Every record that follows should be copied exactly. No picture belongs in the copy.
┄┄┄┄┄┄┄┄┄┄┄┄┄┄┄┄┄┄┄┄
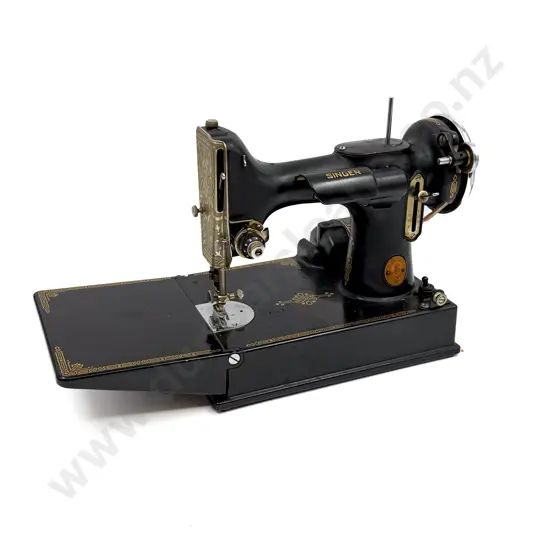 Vintage Singer Model 221 Sewing Machine & Accessories in Original Case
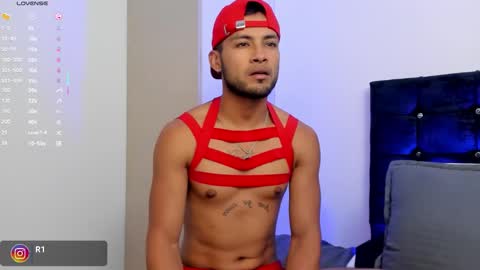 Max Conor online show from 10.22.25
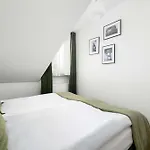 Family Two-level With Air Conditioning By Renters Krakau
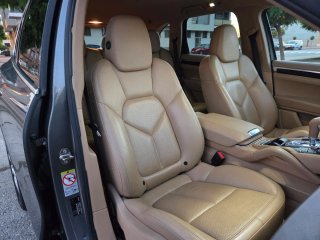 Porsche Cayenne 2012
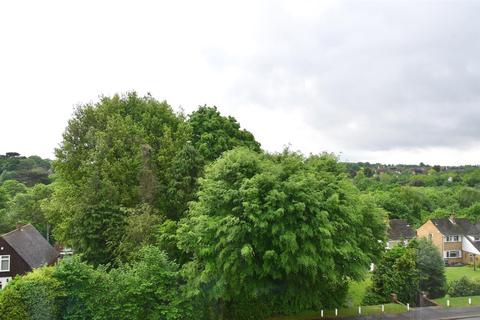 2 Monks Orchard, Dartford, DA1 2TB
┄┄┄┄┄┄┄┄┄┄┄┄┄┄┄┄┄┄┄┄
Exercise output:
 Vintage Singer Model 221 Sewing Machine & Accessories in Original Case
 Max Conor online show from 10.22.25
 Family Two-level With Air Conditioning By Renters Krakau
 Porsche Cayenne 2012
 2 Monks Orchard, Dartford, DA1 2TB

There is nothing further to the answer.